Maputo — Mozambican Labour Minister Vitoria Diogo on Wednesday called for standardisation in the performance of labour inspectors who should strictly obey the legislation in force on inspection.

Speaking in Maputo, at the opening of a meeting of the Consultative Council of the General Inspectorate of Labour (IGT), she stressed that the manual of procedures, which she regarded as a code of conduct for labour inspectors, is a fundamental document which must be obeyed.

"The performance of an inspector in Maputo City should be the same as that of an inspector in Niassa", said Diogo. "An inspector has a stance, an attitude and a behaviour that are laid down. Those being inspected can see whether this inspector is acting within the guidelines or is exceeding them in his activity".

"When the inspector notes irregularities, the framework is already established, and there is nothing to be negotiated. It's clear", she warned.

Diogo demanded performance from the inspectors which obeys what has been laid down, and nothing should be done empirically or on a case-by-case basis. Standardisation would allow the bodies inspected to be clear about what they should expect from an inspector.

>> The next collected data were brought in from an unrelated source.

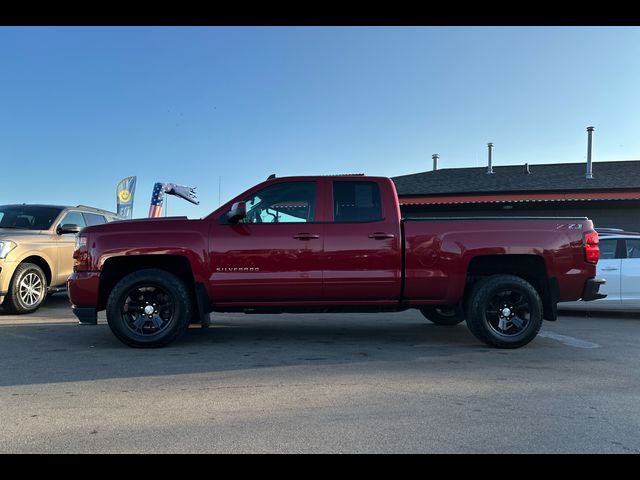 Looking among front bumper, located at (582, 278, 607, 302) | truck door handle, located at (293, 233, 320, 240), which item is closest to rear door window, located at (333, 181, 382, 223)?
truck door handle, located at (293, 233, 320, 240)

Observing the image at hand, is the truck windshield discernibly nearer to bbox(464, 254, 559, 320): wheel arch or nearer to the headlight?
the headlight

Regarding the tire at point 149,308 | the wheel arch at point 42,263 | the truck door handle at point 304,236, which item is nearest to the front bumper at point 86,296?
the tire at point 149,308

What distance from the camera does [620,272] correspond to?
7816mm

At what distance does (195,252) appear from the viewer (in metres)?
5.27

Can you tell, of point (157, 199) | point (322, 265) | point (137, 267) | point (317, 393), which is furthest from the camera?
point (157, 199)

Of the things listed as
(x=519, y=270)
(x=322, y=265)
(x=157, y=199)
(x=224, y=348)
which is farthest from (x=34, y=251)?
(x=157, y=199)

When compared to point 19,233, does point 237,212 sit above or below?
above

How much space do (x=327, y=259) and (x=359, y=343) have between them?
4.07 feet

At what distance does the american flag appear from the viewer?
1791 centimetres

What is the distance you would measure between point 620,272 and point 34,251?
10381mm

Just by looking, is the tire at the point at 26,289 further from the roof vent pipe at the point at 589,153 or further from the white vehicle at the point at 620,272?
the roof vent pipe at the point at 589,153

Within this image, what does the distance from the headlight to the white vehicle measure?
10.2 m

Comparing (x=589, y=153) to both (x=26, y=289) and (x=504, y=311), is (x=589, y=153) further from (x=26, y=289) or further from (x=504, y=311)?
(x=26, y=289) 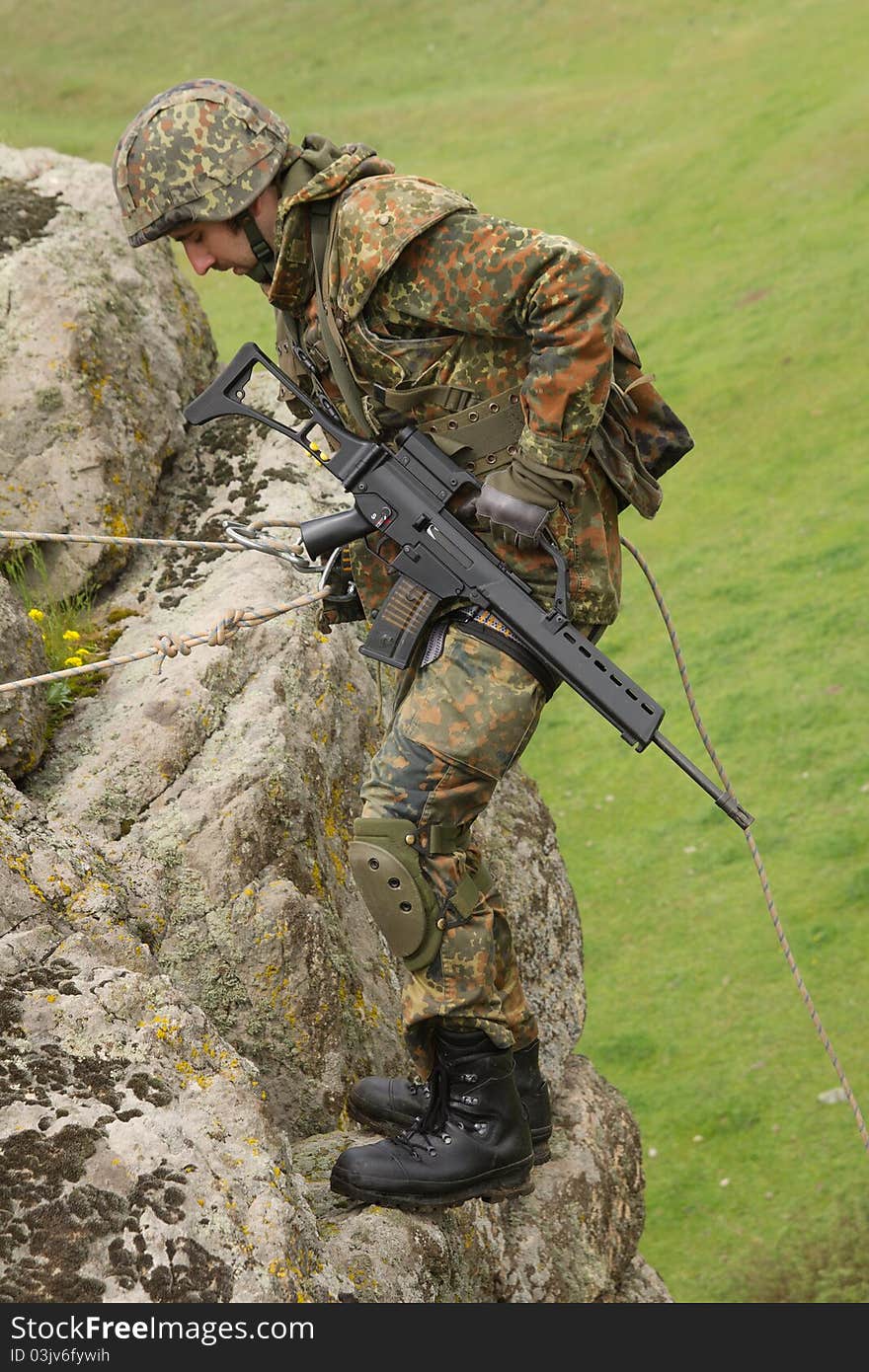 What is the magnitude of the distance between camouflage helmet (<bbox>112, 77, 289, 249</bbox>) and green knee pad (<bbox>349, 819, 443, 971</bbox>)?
1.74m

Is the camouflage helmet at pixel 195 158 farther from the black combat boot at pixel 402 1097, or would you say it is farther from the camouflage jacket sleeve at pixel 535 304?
the black combat boot at pixel 402 1097

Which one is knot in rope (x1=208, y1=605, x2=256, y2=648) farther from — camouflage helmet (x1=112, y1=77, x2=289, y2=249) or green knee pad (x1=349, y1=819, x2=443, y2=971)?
camouflage helmet (x1=112, y1=77, x2=289, y2=249)

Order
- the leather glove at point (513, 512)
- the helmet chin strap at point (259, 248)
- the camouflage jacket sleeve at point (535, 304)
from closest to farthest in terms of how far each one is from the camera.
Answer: the camouflage jacket sleeve at point (535, 304) → the leather glove at point (513, 512) → the helmet chin strap at point (259, 248)

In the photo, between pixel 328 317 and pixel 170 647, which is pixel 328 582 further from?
pixel 328 317

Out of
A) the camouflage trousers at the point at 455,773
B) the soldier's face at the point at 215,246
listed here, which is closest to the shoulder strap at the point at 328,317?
the soldier's face at the point at 215,246

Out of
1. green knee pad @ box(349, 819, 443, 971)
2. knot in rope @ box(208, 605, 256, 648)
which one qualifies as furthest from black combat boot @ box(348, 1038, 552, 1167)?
knot in rope @ box(208, 605, 256, 648)

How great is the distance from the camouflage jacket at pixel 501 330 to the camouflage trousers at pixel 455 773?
300 mm

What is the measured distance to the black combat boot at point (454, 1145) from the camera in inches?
155

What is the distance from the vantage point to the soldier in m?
3.63

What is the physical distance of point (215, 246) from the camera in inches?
160

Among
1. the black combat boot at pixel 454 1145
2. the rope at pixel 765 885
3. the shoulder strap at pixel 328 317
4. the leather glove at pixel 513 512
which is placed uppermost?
the shoulder strap at pixel 328 317

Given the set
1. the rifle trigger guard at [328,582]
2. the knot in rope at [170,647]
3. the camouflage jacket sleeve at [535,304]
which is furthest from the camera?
the rifle trigger guard at [328,582]

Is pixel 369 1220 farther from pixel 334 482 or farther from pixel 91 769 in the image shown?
pixel 334 482
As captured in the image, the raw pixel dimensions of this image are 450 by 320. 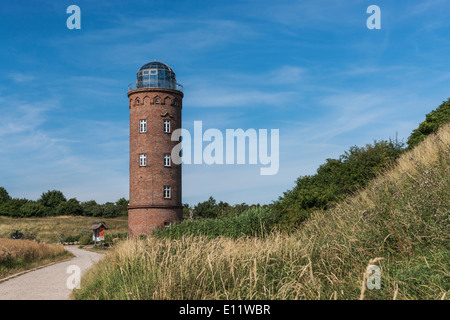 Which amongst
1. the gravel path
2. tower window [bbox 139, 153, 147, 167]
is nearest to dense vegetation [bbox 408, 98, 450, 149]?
tower window [bbox 139, 153, 147, 167]

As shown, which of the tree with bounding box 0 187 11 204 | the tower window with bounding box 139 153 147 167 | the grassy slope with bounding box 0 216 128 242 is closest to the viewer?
the tower window with bounding box 139 153 147 167

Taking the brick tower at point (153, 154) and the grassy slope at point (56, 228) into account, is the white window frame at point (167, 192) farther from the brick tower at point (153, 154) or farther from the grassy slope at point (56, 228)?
the grassy slope at point (56, 228)

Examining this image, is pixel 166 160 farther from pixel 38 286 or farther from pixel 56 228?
pixel 56 228

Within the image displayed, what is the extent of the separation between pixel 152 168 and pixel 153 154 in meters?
1.28

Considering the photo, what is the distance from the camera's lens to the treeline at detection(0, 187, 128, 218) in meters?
79.8

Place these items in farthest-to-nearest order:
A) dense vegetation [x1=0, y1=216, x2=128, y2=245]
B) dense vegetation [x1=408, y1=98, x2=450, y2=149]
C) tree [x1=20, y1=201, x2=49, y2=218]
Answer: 1. tree [x1=20, y1=201, x2=49, y2=218]
2. dense vegetation [x1=0, y1=216, x2=128, y2=245]
3. dense vegetation [x1=408, y1=98, x2=450, y2=149]

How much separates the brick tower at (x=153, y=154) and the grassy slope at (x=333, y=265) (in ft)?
83.3

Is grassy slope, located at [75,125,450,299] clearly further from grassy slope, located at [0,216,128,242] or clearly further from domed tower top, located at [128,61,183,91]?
grassy slope, located at [0,216,128,242]

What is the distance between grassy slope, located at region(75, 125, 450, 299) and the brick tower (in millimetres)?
25389

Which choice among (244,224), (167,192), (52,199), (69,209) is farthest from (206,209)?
(52,199)

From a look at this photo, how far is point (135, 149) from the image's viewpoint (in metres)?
36.8

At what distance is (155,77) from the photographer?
3806cm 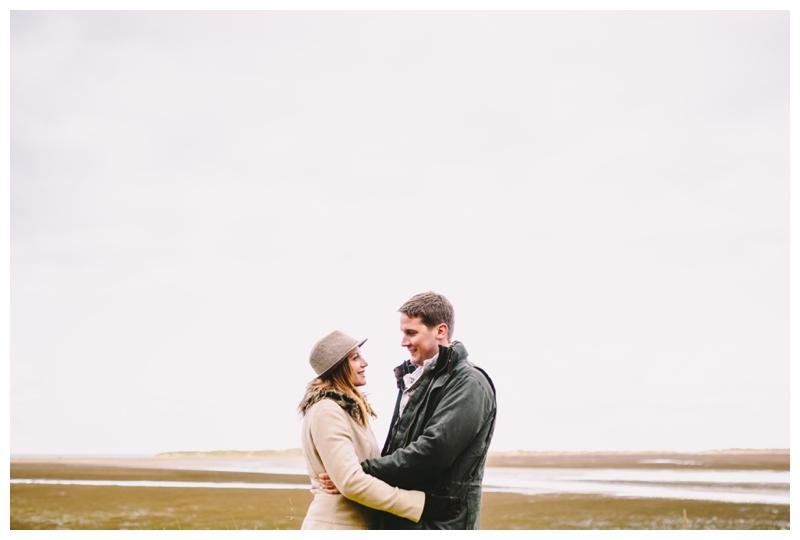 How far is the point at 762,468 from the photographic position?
4409cm

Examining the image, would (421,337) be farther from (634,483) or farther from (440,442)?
(634,483)

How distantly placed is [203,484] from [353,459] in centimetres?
3385

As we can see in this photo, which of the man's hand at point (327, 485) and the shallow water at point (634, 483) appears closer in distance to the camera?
the man's hand at point (327, 485)

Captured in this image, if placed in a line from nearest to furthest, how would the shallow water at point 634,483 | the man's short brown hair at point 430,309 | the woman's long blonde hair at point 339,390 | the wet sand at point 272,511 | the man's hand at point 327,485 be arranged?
1. the man's hand at point 327,485
2. the woman's long blonde hair at point 339,390
3. the man's short brown hair at point 430,309
4. the wet sand at point 272,511
5. the shallow water at point 634,483

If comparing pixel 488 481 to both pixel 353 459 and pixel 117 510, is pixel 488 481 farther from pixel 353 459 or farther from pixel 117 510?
pixel 353 459

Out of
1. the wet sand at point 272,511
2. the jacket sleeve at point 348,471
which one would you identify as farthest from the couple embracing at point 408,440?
the wet sand at point 272,511

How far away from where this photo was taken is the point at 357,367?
4570 mm

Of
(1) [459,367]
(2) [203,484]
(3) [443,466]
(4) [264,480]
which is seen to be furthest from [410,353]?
(4) [264,480]

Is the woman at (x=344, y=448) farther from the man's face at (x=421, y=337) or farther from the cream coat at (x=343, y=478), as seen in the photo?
the man's face at (x=421, y=337)

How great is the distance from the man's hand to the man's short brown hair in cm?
102

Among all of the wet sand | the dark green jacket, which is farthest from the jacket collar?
the wet sand

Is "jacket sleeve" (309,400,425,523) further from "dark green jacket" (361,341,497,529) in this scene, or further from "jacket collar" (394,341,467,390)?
"jacket collar" (394,341,467,390)

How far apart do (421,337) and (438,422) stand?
22.5 inches

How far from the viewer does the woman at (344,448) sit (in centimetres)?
427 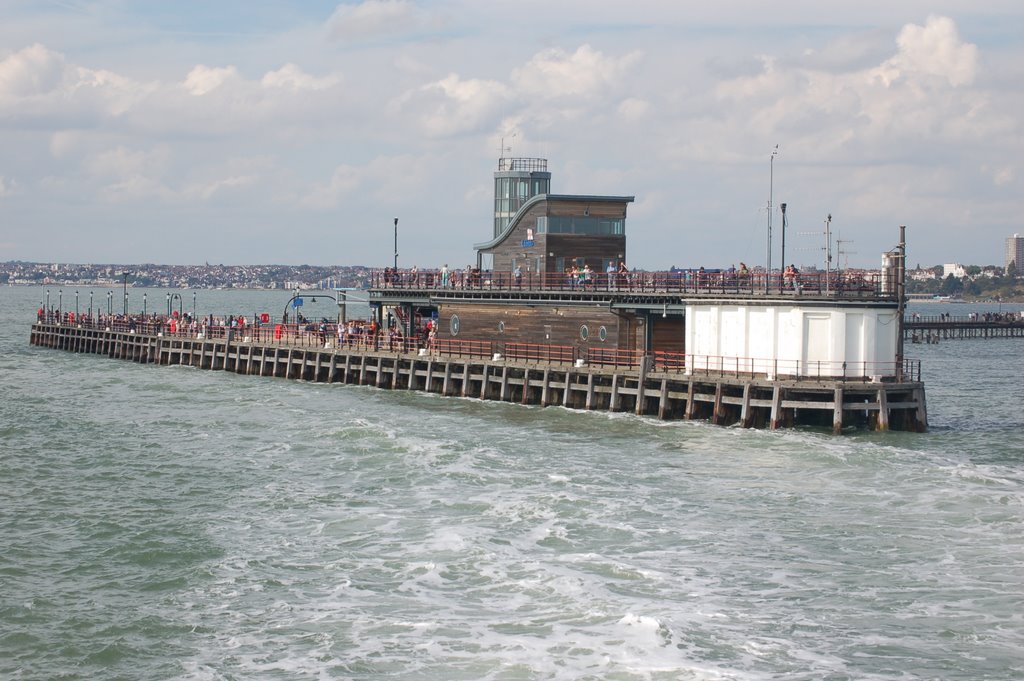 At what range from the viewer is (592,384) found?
4475 cm

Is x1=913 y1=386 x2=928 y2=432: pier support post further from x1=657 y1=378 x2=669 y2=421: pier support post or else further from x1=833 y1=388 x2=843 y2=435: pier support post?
x1=657 y1=378 x2=669 y2=421: pier support post

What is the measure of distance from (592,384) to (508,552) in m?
20.2

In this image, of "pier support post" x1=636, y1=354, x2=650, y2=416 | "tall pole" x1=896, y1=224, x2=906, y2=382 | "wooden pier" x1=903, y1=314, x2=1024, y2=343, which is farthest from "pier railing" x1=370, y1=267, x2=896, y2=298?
"wooden pier" x1=903, y1=314, x2=1024, y2=343

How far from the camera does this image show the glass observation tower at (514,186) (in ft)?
230

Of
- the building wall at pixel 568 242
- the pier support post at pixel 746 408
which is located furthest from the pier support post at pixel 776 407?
the building wall at pixel 568 242

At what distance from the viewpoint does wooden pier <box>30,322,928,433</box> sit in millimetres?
38719

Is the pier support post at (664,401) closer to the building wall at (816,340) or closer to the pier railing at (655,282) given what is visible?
the building wall at (816,340)

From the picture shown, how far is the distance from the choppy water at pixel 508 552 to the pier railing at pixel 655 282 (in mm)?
4820

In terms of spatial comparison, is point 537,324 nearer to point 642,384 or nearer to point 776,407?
point 642,384

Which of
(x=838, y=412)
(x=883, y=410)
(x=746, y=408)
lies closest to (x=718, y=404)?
(x=746, y=408)

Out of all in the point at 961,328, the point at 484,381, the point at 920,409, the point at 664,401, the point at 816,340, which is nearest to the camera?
the point at 816,340

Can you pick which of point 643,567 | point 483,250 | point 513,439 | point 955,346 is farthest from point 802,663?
point 955,346

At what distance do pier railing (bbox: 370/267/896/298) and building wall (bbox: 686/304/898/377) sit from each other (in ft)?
2.50

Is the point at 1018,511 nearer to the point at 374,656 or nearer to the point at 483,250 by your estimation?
the point at 374,656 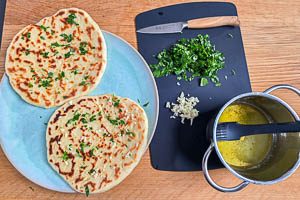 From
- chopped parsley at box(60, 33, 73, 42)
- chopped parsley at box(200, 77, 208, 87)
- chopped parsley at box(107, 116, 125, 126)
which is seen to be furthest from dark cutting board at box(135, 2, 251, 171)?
chopped parsley at box(60, 33, 73, 42)

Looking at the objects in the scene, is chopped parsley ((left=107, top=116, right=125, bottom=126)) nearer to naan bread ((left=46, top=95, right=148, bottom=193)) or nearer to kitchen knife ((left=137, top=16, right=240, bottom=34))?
naan bread ((left=46, top=95, right=148, bottom=193))

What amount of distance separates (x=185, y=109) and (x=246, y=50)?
0.30 metres

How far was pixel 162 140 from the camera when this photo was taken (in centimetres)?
113

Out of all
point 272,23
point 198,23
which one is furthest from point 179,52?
point 272,23

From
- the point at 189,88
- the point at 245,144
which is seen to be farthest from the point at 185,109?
the point at 245,144

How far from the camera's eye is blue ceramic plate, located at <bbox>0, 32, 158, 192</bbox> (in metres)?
1.04

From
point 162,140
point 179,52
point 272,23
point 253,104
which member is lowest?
point 162,140

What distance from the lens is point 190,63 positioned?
1.20 m

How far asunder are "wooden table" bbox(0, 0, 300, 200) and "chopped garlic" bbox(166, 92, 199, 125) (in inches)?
6.5

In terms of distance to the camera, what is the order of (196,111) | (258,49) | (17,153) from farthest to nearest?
(258,49)
(196,111)
(17,153)

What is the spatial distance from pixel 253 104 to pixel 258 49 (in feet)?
0.86

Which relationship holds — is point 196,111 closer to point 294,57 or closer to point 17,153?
point 294,57

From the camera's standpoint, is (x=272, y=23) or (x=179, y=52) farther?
(x=272, y=23)

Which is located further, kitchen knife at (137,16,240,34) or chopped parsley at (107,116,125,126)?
kitchen knife at (137,16,240,34) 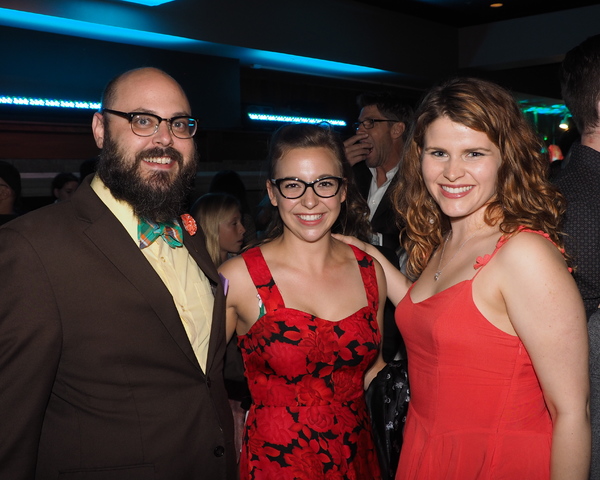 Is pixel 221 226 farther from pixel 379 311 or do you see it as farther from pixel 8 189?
pixel 379 311

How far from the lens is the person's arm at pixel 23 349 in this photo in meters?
1.32

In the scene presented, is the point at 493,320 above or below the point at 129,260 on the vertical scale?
below

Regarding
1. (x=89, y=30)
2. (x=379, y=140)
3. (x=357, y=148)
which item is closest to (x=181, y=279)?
(x=357, y=148)

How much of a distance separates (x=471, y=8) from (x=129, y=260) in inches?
287

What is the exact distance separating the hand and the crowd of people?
5.00ft

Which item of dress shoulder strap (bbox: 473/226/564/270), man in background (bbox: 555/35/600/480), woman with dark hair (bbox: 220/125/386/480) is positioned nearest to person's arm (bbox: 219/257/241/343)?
woman with dark hair (bbox: 220/125/386/480)

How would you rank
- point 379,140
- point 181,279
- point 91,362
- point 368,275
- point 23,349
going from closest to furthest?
point 23,349 → point 91,362 → point 181,279 → point 368,275 → point 379,140

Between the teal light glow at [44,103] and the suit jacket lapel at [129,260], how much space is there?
→ 4888 millimetres

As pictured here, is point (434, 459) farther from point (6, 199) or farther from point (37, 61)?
point (37, 61)

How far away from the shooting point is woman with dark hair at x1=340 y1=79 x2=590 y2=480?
A: 58.1 inches

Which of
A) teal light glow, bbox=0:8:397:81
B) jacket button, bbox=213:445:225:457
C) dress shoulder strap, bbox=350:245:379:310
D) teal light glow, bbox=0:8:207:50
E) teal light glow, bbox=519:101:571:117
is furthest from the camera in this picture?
teal light glow, bbox=519:101:571:117

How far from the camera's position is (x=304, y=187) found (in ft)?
6.92

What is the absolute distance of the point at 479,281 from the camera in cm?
159

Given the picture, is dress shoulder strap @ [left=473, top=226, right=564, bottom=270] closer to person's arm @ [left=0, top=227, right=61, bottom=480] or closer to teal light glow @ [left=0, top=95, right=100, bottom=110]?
person's arm @ [left=0, top=227, right=61, bottom=480] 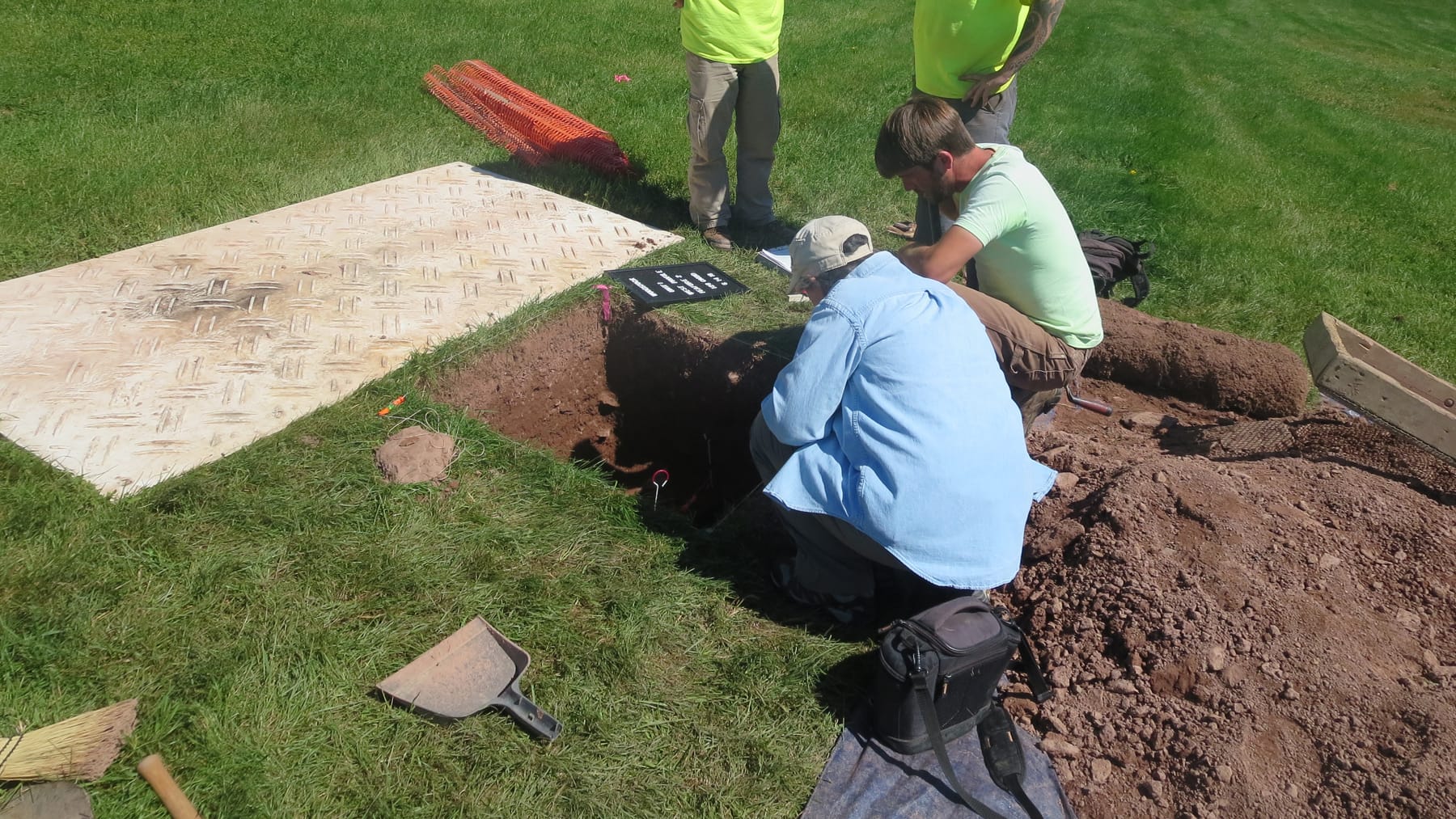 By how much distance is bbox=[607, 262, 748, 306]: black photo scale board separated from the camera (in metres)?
5.14

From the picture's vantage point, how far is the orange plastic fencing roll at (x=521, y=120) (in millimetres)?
6934

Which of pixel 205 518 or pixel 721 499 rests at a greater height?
pixel 205 518

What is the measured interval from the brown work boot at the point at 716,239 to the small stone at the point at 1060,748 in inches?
144

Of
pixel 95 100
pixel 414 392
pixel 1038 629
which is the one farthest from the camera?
pixel 95 100

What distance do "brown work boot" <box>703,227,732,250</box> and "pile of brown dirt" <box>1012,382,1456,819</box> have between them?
2.69 metres

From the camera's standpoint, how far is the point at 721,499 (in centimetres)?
515

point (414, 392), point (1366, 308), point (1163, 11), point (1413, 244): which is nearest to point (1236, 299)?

"A labour inspector should be endowed with technical knowledge", she said. "He must master the normative framework. He cannot do his job by feeling his way. He has to be a true authority, and authority is exercised by knowing what you are doing".

Diogo revealed that during this government's five year term of office (2015-2019) labour inspectors carried out 41,799 inspections, which was 109 per cent of the target for the period.

She said the inspection made it possible to guarantee respect for the law and to bring balance into labour relations. This helped improve production and productivity, leading to greater competitiveness of companies.

60,000 violations of labour norms were detected. The most significant concerned poor hygiene and safety conditions in the workplace, unwritten work contracts, failure of employers to channel contributions to the National Social Security Institute, INSS (even though the money was discounted from workers' wages), and illegal hiring of foreign labour.

In only 13,000 of these cases were the employers fined, and in the other cases they were let off with a warning.

Over the five years, about 2,000 work accidents were registered. In these accidents, 42 workers died.